Python Forum
Thread Rating:
  • 0 Vote(s) - 0 Average
  • 1
  • 2
  • 3
  • 4
  • 5
How to match two CSV files
#1
I'm new to Python from VisualBasic, so excuse my basic question.

I am trying to match two CSV files, based on the data in columns P1-P5:

CSV#1:
Header Row1 = DataCol1, DataCol2, DataCol3, P1, P2, P3, P4, P5
Row2 = data1, data2, data3, 1,2,3,4,5
etc...

CSV#2:
Header Row1 = ColName1, ColName2, ColName3, P1, P2, P3, P4, P5
Row2 = ea1, ea2, ea3, 3,5,6,2,1
Row3 = db1, db2, db3, 1,2,3,4,5
etc...

I would like:

1) To match each row in CSV1 against it's corresponding data in columns P1-P5 in CSV2

2) Combined these matched rows to form a new row in a new file, CSV#3:

eg:-
CSV#3:
Header Row1 = DataCol1, DataCol2, DataCol3, P1, P2, P3, P4, P5, ColName1, ColName2, ColName3, P1, P2, P3, P4, P5
Row1 = data1, data2, data3, 1,2,3,4,5, db1, db2, db3, 1,2,3,4,5
etc...

I am lost how to do this!

Is there a way to do this as quick as possible, bearing in mind the CSV files are large (sometimes up to 99999 rows).

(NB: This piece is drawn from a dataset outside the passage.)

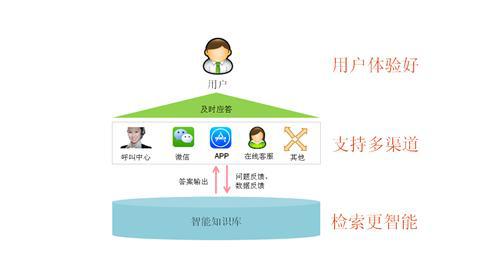 段超：中国车主服务入口的打造和车联网价值深挖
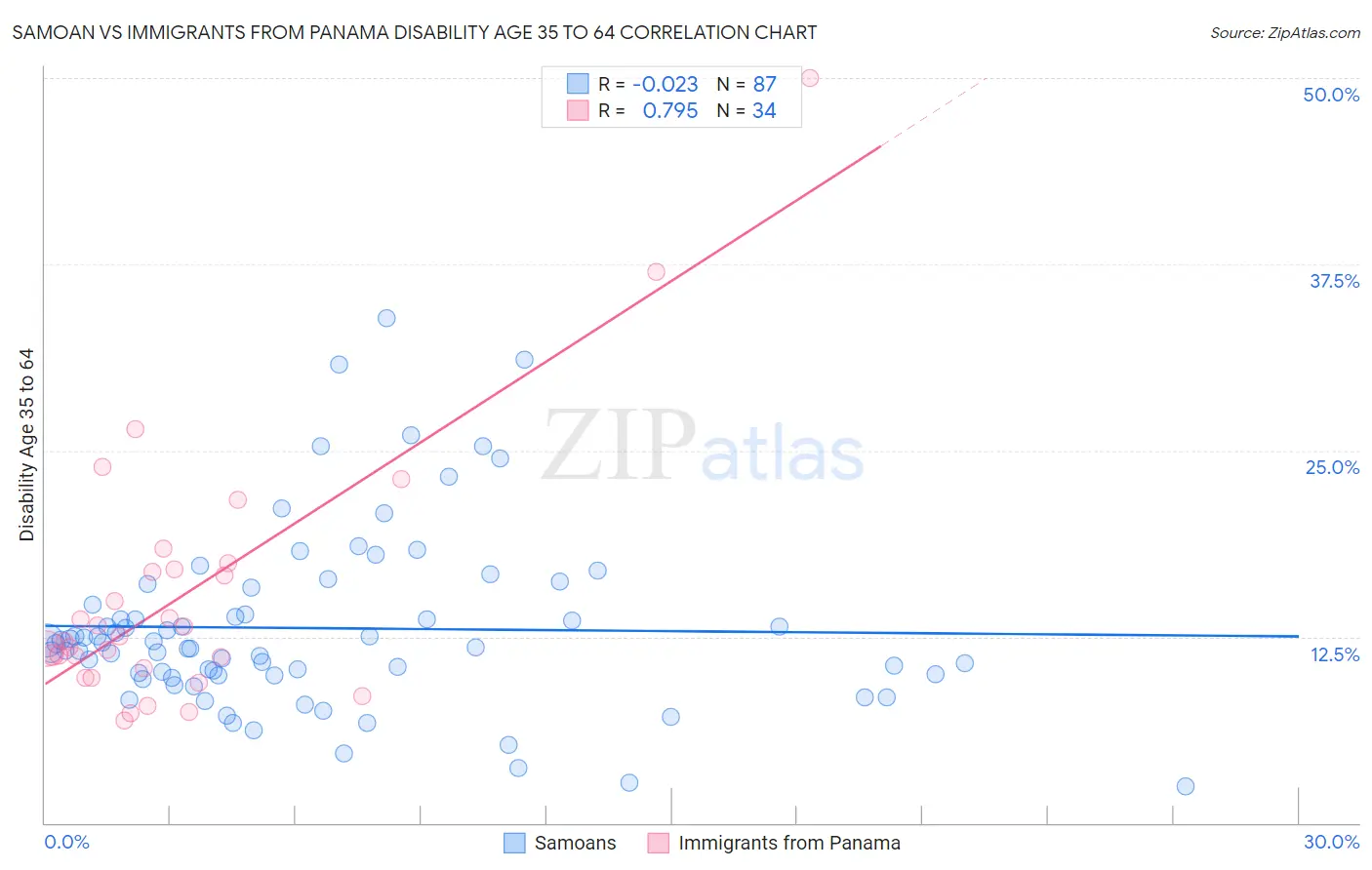 Samoan vs Immigrants from Panama Disability Age 35 to 64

I found a module called "pandas" but it is beyond my current understanding.

Thank you very much :)
Reply
#2
read your files with pandas and then compare df1 and df2

pandas.DataFrame.equals

import pandas as pd

csv1 = "/path/to/csv1.csv"
csv2 = "/path/to/csv2.csv"

f1 = open(csv1, 'r')
with f1:
    df1 = pd.read_csv(f1, delimiter = ',', header=None)

f2 = open(csv2, 'r')
with f2:
    df2 = pd.read_csv(f2, delimiter = ',', header=None)

or use

from pandas.testing import assert_frame_equal
c = assert_frame_equal(df1, df2, check_dtype=False)
print(c)
Reply
#3
Thanks for your reply.

I used the code as mentioned (Python 2.7.15+ on ubuntu) and got this:

Error:
Traceback (most recent call last): File "a.py", line 30, in <module> c = assert_frame_equal(df1, df2, check_dtype=False) File "/usr/local/lib/python2.7/dist-packages/pandas/util/testing.py", line 1502, in assert_frame_equal obj='DataFrame.iloc[:, {idx}]'.format(idx=i)) File "/usr/local/lib/python2.7/dist-packages/pandas/util/testing.py", line 1336, in assert_series_equal obj='{obj}'.format(obj=obj)) File "pandas/_libs/testing.pyx", line 66, in pandas._libs.testing.assert_almost_equal File "pandas/_libs/testing.pyx", line 180, in pandas._libs.testing.assert_almost_equal File "/usr/local/lib/python2.7/dist-packages/pandas/util/testing.py", line 1094, in raise_assert_detail raise AssertionError(msg) AssertionError: DataFrame.iloc[:, 0] are different DataFrame.iloc[:, 0] values are different (100.0 %) [left]: [DataCol1, data1, data1] [right]: [ColName1, ea1, db1]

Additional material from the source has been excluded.